Dengan langkah pertama ini, diharapkan akan banyak memproduksi berbagi ijtihad baru yang interdisipliner serta relevan dengan tantangan umat yang bersifat kekinian.
***
Kedua, pada tataran institusional, sangat mendesak bagi Persis untuk segera membentuk satu divisi khusus yang memiliki fokus untuk mengkaji isu-isu lingkungan hidup, krsisis iklim, dan sejumlah isu terkait, yang dapat dijadikan bahan untuk melakukan edukasi dan advokasi kebijakan di tingkat nasional.
Jika di Muhammadiyah telah dibentuk Majelis Lingkugan Hidup Muhammadiyah pada tahun 2003, dan NU telah membentuk Lembaga Penanggulangan Bencana dan Perubahan Iklim (LPBI) pada tahun 2010, maka Persis dapat segera mengisiasi lembaga serupa untuk memperkuat dakwah dalam isu lingkungan hidup.
Ketiga, Persis harus mendorong aktivitas penelitian mengenai isu-isu lingkungan hidup di berbagai perguruan tinggi yang kini telah dibentuk. Hal ini akan memiliki nilai strategis mengingat Persis telah mendirikan Universitas Persatuan Islam yang memiliki program studi ilmu lingkungan. Aktivitas penelitian mengenai isu-isu lingkungan hidup dapat dilembagakan ke dalam pusat studi.
Keempat, Persis juga harus segera melakukan pengarusutamaan isu lingkungan hidup ke dalam kurikulum di banyak pesantren Persis di Indonesia dan berbagai lembaga pendidikan yang dimilikinya. Hingga saat ini, Persis tercatat memiliki 333 Pesantren di seluruh Indonesia, dimana lebih dari 70 persen berada di Provinsi Jawa Barat.

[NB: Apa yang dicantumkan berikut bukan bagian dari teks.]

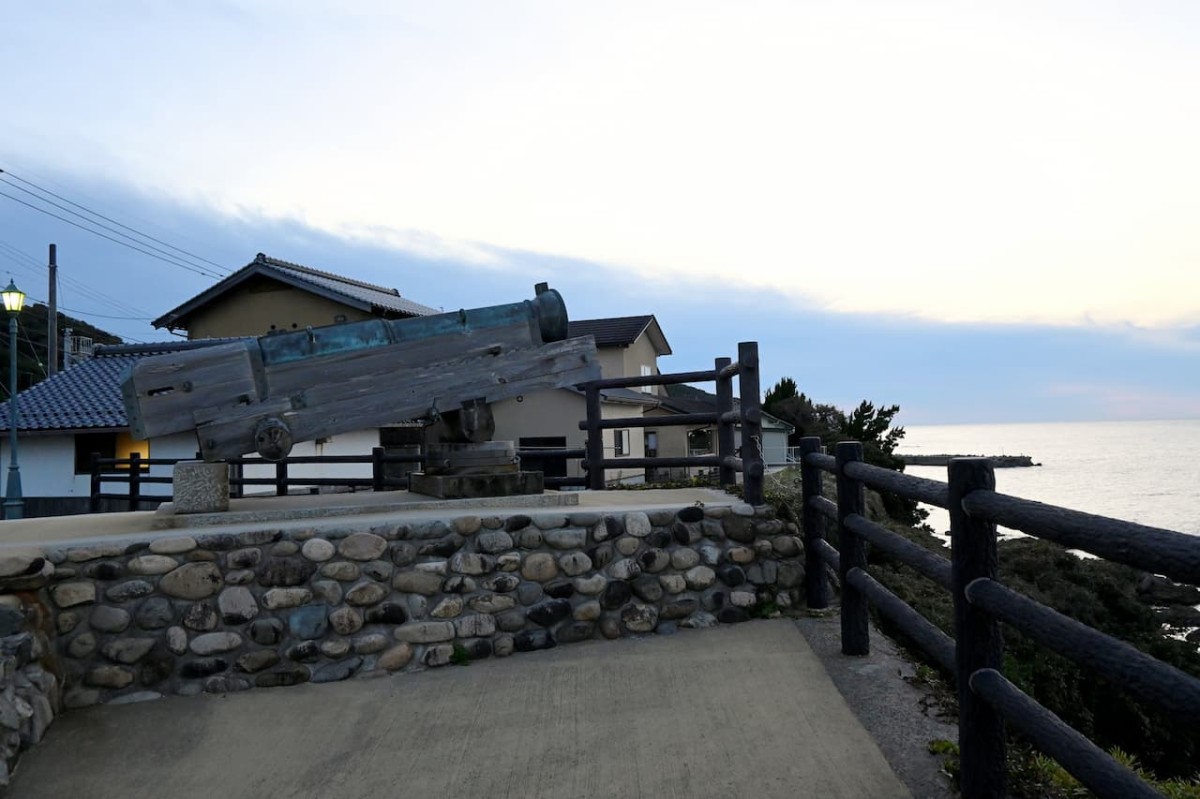 島根県出雲市にある『手引ヶ浦台場公園』にある大砲のレプリカ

Jika belum bisa dilakukan di banyak pesantren, maka Persis dapat melakukan assessment dan memilih pesantren mana saja yang siap secara sumber daya untuk mengarusutamakanisu lingkungan ke dalam kurikulumnya. Harapannya, pembangunan kesadaran mengenai isu ini dapat dimulai sejak dini.
Menghijaukan Gerakan Persatuan Islam pada abad kedua adalah sebuah kemestian, mengingat krisis ekologis terus terjadi tanpa menujukkan tanda-tanda akan berakhir.